Tribeca 2021 Review: A Pair of Actors Regain Their Creative Drive on the Road in “Glob Lessons”

There might not be a more thankless paying professional gig for an actor than the jobs held down by Alan (Colin Froeber) and Jesse (Nicole Rodenburg) in “Glob Lessons,” making their way through the midwest in the dead of winter, putting on two-person stagings of “A Christmas Carol” and “Robin Hood” that have been revised by the head of their company to avoid rights issues and play to audiences of kids at local libraries for $300 a pop. You’d think a child’s smile might be enough to keep them going, but they don’t always show and living paycheck to paycheck with their boss John slow to make direct deposits, small-town dinner theater or erectile dysfunction ads must seem enticing in comparison when their Broadway dreams seem even further away than their next stop, which can be as far as 20 hours away on the snowy roads. It doesn’t help that Alan and Jesse were thrown together on this solitary trek without knowing each other much, as Jesse notes when complaining that the two never talk beyond running lines, “the reason we’re paired together is because we’re the weird old people [in the company].”

The long drive ahead turns out to be a blessing in disguise when it becomes as much of a pleasure to get to know Alan and Jesse as it is for the two to get to know each other in Rodenburg’s disarming directorial debut, a comedy for which she and Froeber really did travel over a thousand miles performing at regional libraries. Often a refuge for those with even less of a strong central idea than a budget, “Glob Lessons” never appears as if it was designed to make up for any shortcomings in either regard, instead using the frigid conditions to make it impossible for either Alan or Jesse to leave each other for long, much as they may want to early on. As creatively unsatisfying as the work may be, at least acting can take their mind off of being themselves when Alan is in the frustrating process of extracting himself from a long-distance relationship he’s not sure he’s still in when his partner won’t return his calls and Jesse is only out on tour because her “grandpappy” helped found the company they’re in and she has little other idea of what to do with her life, not even having a phone when there’s no one she knows to call.

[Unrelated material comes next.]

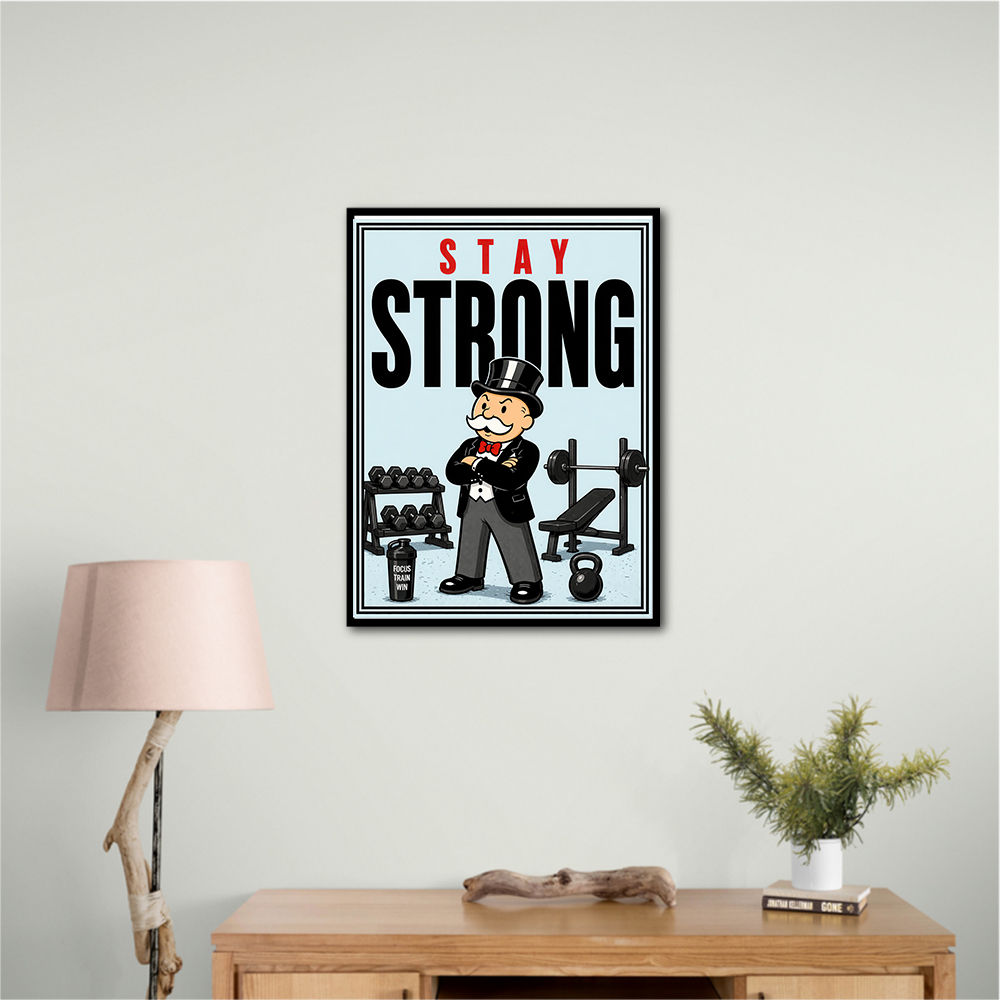 Stay Strong Fitness Motivation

Time and again, a little liquor breaks the ice, first when it makes the intervals in between shows a little more bearable as Alan and Jesse get to know each other more as people, then it starts making its way into the work when the applause that greets a drunken version of “Robin Hood” spurs the two to start reworking the scripts to their own liking and rewriting the parts they’re playing in real life as well. The growing trust to share things with each other that they haven’t with anyone else proves liberating, but Rodenburg is careful not to suggest that they have all the answers for one another, meticulous in revealing the ways they’ve been wounded in the past and how they’ve often overcompensated for it. A veteran of two Annie Baker plays as an actress, her background in the theater shows in the best ways possible with the film’s impeccable blocking and its deliberate build, letting one fall in love with the characters before hinting at a potential plot. Beyond the natural give-and-take between herself and Froeber, Rodenburg and cinematographer Dean Peterson keep things lively by making the most of the many locations that they hit, places where one can always hear the whisper of the wind and in “Glob Lessons,” you’ll surrender fully to where it takes you.

“Glob Lessons” does not yet have U.S. distribution.